Moody's has assigned its Aa3 rating and stable outlook to the COPs, two notches below the county's Aa1 limited-tax general obligation rating. The two-notch difference reflects the risk of non-appropriation and the non-essential nature of the project, analysts said.

"We expect the county's twin objectives to maintain strong credit quality and spur economic development via the hotel project will provide sufficient incentive to appropriate lease payments through the life of the COPs," Moody's analyst Matthew Butler wrote in a ratings report on the deal.

"However, the non-essential nature of the hotel raises additional credit risk relative to lease-backed debt collateralized with fundamental municipal facilities and that risk is reflected in the second notch below the county's [limited-tax general obligation] rating," he wrote.

Standard & Poor's rates the debt AA-minus, one notch below its AA rating on the county's general obligation bonds.
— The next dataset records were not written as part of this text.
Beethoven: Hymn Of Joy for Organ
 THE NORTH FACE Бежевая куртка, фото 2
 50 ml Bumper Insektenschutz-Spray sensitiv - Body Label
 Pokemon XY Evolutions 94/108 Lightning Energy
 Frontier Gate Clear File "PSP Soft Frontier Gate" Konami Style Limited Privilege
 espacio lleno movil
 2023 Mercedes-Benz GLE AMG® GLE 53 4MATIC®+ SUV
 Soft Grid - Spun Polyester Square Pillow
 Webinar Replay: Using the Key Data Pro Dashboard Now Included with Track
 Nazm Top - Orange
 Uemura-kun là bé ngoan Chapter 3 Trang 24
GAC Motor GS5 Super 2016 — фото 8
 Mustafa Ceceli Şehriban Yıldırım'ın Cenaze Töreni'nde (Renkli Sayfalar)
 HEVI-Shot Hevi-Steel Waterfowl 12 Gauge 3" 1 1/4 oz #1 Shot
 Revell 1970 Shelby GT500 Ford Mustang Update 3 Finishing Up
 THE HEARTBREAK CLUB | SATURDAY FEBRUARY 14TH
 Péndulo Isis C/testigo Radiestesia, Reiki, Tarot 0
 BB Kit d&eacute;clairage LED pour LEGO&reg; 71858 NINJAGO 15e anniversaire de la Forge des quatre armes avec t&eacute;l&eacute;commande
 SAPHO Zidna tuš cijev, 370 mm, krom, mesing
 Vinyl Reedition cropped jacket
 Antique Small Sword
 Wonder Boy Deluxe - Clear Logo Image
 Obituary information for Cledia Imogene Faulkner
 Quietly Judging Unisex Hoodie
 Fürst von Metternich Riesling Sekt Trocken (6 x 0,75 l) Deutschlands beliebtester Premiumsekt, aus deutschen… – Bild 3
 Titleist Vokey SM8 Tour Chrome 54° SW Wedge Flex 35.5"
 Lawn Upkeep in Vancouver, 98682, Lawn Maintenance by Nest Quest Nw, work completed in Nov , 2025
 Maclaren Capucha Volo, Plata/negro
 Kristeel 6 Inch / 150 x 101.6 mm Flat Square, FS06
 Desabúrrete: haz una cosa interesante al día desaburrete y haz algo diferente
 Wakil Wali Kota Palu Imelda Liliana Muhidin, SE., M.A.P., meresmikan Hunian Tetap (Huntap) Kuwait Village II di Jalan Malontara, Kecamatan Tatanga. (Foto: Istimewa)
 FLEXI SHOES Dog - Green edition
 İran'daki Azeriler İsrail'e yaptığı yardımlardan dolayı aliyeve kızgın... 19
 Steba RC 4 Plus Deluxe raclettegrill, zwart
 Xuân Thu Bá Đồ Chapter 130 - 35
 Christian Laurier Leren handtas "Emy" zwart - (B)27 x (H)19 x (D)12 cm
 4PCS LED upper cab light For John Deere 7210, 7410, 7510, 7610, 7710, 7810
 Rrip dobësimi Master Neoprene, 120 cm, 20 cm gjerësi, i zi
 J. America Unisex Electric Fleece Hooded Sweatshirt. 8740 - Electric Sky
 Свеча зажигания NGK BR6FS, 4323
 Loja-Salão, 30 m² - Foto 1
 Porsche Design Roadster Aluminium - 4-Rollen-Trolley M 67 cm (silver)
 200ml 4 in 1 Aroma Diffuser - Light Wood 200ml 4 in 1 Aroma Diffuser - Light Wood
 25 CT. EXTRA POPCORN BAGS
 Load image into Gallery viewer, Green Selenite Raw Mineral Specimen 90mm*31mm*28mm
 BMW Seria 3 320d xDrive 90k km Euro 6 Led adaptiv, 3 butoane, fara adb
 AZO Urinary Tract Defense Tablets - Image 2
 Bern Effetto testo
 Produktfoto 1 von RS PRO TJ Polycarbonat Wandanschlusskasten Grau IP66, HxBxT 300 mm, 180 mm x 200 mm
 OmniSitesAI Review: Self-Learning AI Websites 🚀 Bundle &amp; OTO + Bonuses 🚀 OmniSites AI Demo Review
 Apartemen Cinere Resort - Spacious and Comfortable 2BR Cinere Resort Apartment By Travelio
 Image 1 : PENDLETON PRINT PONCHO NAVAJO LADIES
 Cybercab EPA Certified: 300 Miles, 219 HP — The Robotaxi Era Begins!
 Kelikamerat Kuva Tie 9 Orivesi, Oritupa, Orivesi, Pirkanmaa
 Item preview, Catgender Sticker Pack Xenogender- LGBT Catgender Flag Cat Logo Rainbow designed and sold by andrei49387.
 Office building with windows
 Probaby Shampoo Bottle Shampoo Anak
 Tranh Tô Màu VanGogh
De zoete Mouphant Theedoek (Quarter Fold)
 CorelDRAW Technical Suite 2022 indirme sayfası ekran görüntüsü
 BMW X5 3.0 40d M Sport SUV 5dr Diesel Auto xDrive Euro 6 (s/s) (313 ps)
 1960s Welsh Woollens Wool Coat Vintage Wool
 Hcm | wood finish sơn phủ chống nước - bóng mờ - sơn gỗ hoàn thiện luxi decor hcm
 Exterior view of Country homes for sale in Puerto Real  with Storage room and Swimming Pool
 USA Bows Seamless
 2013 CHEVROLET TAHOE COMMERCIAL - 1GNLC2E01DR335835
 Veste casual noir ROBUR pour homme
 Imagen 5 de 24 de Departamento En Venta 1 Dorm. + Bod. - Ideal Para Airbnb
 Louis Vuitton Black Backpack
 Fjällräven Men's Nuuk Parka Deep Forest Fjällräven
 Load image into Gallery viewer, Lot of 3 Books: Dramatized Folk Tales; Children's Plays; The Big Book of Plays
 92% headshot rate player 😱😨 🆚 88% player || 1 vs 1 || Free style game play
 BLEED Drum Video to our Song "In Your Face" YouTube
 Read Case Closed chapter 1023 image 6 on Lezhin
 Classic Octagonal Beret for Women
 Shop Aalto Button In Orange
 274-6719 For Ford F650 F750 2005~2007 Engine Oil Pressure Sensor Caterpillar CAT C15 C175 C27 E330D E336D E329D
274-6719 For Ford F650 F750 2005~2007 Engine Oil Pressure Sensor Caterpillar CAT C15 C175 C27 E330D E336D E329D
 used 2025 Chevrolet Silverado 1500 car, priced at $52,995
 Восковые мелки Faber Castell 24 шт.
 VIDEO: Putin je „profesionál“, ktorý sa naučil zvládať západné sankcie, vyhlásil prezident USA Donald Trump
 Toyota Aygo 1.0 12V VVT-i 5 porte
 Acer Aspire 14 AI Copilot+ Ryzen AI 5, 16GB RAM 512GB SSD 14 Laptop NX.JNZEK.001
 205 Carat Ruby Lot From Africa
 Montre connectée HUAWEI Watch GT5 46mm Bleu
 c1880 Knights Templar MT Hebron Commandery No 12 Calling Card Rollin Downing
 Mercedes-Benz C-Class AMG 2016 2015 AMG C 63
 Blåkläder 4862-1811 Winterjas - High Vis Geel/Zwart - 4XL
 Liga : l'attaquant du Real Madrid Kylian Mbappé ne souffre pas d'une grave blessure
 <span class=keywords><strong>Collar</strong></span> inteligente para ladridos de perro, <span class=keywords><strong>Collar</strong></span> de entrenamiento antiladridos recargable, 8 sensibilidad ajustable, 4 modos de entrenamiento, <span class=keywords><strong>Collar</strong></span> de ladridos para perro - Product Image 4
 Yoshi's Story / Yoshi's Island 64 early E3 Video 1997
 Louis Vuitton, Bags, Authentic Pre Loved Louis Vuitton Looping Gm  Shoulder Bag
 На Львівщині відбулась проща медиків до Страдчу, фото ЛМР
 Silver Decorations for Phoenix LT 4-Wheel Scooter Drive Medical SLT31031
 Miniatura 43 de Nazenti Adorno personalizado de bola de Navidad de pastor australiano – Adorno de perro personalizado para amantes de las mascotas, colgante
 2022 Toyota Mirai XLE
Moody's notes that the COP financing relies on hotel revenues, which adds an element of risk. The portion of the hotel net revenue dedicated to debt service is capped at $8 million for the first three years and $9 million after that, and also covers future maintenance needs of the hotel, according to Moody's.

"Should net revenue fall below projections, the county could be exposed to maintenance needs of the hotel and, more importantly, may be forced to utilize general fund revenue to a greater extent than planned to repay the COPs," Moody's wrote.

If the county terminated the lease or stopped making payments, the trustee, US Bank NA, could take possession of the hotel, according to bond documents. But the trustee has no obligation to redeem the certificates in that case, and lease holders "might be left without an adequate remedy in such an event," bond documents say.

The preliminary bond documents also note the risk of non-appropriation by the county.

The lease requires the county's fiscal officer to include debt service in the annual budget requests to the County Council, but "there is no assurance that a county council will approve such budget appropriations," bond documents say.

Cuyahoga is home to Cleveland, and the area is considered the economic engine of northeast Ohio.

Despite Cleveland's struggles with population loss and tax depreciation —  the city's base has suffered a valuation decline of 16% since 2007, according to Moody's —  rating analysts praise the county for its strong financial position, management and liquidity.

The full project is expected to carry a price tag of around $290 million. Of that, roughly $230 million will come from COPs, with another $68 million from cash and $8 million from Cleveland's bond proceeds, according to preliminary bond documents. Hilton is kicking in $4.75 million.

The certificates mature from 2017 through 2034, with two term bonds, one maturing in 2038 and one in 2044.

Squire Sanders LLP is special counsel on the deal. In addition to senior manager Stifel, the underwriting team includes Keybanc Capital Markets, Wells Fargo Securities, The Huntington Investment Co., Fifth Third Securities Inc., and Loop Capital Markets.

Prism Municipal Advisors LLC is financial advisor.